Problem to work on
Print the lines below exactly, beginning with the one that contains "Beth Broderick feet photo 6" and stopping after the last line.

Source data
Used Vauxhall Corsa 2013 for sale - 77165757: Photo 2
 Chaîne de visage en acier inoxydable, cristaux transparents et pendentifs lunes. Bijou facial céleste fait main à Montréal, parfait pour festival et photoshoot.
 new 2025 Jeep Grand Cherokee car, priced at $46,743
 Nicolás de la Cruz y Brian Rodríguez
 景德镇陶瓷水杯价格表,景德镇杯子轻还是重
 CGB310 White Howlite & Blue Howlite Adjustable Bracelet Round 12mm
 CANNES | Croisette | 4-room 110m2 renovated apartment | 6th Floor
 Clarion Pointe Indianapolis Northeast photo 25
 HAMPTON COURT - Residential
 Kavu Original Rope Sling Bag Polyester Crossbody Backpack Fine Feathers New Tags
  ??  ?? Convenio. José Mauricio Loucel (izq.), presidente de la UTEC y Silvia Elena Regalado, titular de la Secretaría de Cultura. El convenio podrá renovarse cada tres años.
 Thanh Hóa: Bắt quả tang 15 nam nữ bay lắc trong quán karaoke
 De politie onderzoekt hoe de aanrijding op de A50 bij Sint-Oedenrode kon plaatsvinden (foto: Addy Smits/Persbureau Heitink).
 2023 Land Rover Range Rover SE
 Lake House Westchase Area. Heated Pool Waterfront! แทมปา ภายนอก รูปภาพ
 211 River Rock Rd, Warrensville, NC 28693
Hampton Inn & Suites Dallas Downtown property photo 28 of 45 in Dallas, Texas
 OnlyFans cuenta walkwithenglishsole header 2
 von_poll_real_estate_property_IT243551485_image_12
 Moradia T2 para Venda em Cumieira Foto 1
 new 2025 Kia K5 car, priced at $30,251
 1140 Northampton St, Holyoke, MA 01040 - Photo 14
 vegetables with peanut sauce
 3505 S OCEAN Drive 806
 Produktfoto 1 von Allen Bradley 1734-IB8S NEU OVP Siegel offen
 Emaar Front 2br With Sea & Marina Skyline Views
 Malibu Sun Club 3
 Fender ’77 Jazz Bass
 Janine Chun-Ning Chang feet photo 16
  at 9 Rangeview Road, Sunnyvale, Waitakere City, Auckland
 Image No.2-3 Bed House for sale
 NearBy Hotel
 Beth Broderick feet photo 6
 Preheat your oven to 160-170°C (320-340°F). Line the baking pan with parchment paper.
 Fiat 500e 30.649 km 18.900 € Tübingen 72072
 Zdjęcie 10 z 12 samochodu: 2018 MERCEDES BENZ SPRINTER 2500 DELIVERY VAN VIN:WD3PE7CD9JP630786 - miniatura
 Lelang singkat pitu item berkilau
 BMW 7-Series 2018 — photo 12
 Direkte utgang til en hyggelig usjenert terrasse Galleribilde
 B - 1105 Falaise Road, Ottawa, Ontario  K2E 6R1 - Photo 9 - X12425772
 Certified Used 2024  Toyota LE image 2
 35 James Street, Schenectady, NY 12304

Response
 Beth Broderick feet photo 6
 Preheat your oven to 160-170°C (320-340°F). Line the baking pan with parchment paper.
 Fiat 500e 30.649 km 18.900 € Tübingen 72072
 Zdjęcie 10 z 12 samochodu: 2018 MERCEDES BENZ SPRINTER 2500 DELIVERY VAN VIN:WD3PE7CD9JP630786 - miniatura
 Lelang singkat pitu item berkilau
 BMW 7-Series 2018 — photo 12
 Direkte utgang til en hyggelig usjenert terrasse Galleribilde
 B - 1105 Falaise Road, Ottawa, Ontario  K2E 6R1 - Photo 9 - X12425772
 Certified Used 2024  Toyota LE image 2
 35 James Street, Schenectady, NY 12304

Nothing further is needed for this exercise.